The Northern Territory also recorded an increase between 2006 and 2011 in the number of returned Census forms with no response to the Indigenous status question, while the number of ‘not stated’ responses decreased in all other states and the territories. It is reasonable to assume that some of these records were for people of Aboriginal and/or Torres Strait Islander people origin, so this increase in 'not stated' responses is considered to have contributed to the lower than expected increase in Census counts of Aboriginal and Torres Strait Islander people in the Northern Territory. For more information about people with an unknown Indigenous status in the Census, refer to Technical Note 2: People for Whom Indigenous Status is Unknown.


CENSUS ENUMERATION AND PROCESSING

Improvements in Census enumeration and processing are also potential contributors to change in Census counts, but these are factors which are not easily measured.

After each Census, there is an extensive review of procedures that results in improvements for the next Census. As a result of the evaluation following the 2006 Census, additional funding was provided to the ABS to improve the procedures specifically focused on counting Aboriginal and Torres Strait Islander people in the 2011 Census.

Operational improvements in the 2011 Census included an increase in staffing resources, a reduction in the size of Census collector workloads, and an increased focus on urban areas.

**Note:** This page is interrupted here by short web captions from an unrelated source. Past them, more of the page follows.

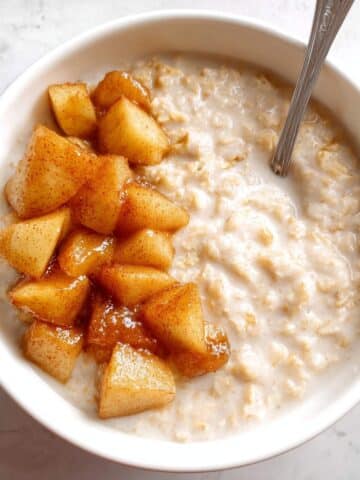 Creamy Apple Cinnamon Oatmeal Recipe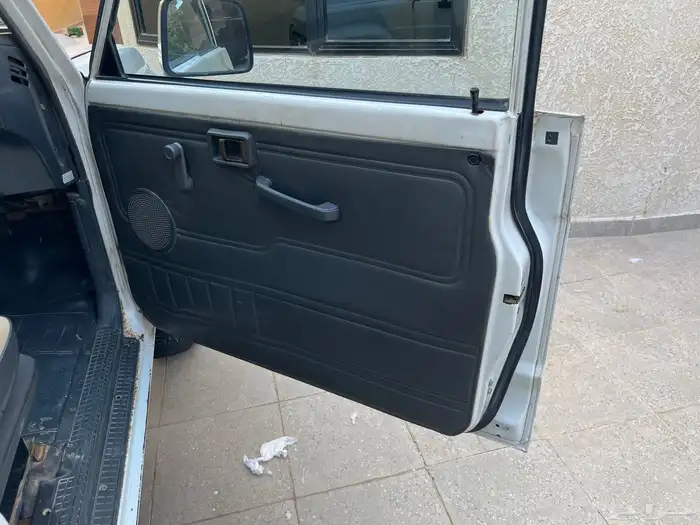 باترول نيسان 90 بدي بلاده وتم ذكر الملاحضات في الصور 19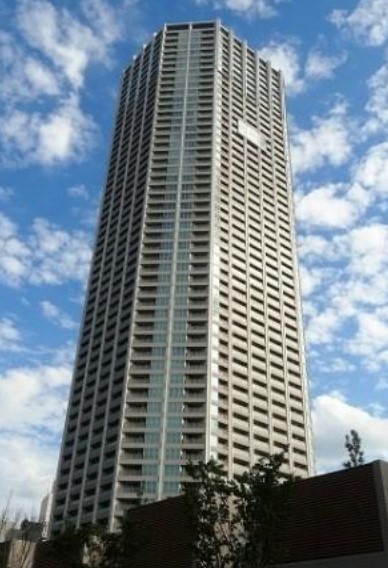 新宿区富久町のマンションの建物外観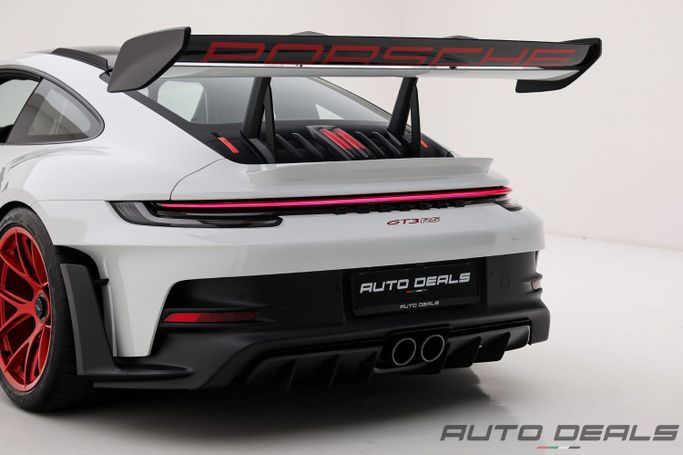 Подержанный Porsche 911 GT3 RS 992, 4.0 л, 2023 в Дубае от AUTO DEALS Белый цвет.  | AUTO.AE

To support these improvements there was an increased level of engagement with Aboriginal and Torres Strait Islander people prior to the 2011 Census. For more detailed information on the improvements to the procedures for counting Aboriginal and Torres Strait Islander people in the 2011 Census, refer to Information Paper: 2011 Census Special Enumeration Strategies (cat. no. 2911.0.55.004). While the impacts of operational changes are not easy to measure within Census data, these improved procedures were expected to result in higher data quality and better coverage of Aboriginal and Torres Strait Islander people in the 2011 Census.

During the processing of Census data, a series of edits are applied to remove inconsistencies and errors. In 2008, due to funding constraints, the ABS made the decision to leave Census editing procedures largely unchanged between the 2006 and 2011 Censuses. As a result, it is expected that any minor change in editing procedures between 2006 and 2011 has had little impact on the change in Aboriginal and Torres Strait Islander Census counts.

Indigenous Status not stated

In 2011, the number of Census records with an unknown Indigenous status was 1,058,600 (5% of the total count) compared with 1,133,400 (6% of the total count) in 2006. The difference of 74,800 records represents a 7% decrease in records with an unknown Indigenous status between the 2006 and 2011 Censuses. This means that more people had their Indigenous status recorded in 2011 than in 2006, and may account for some of the unexplained increase in Census counts of Aboriginal and Torres Strait Islander people between 2006 and 2011. For more information about people with an unknown Indigenous status in the Census, refer to Technical Note 2: People for Whom Indigenous Status is Unknown.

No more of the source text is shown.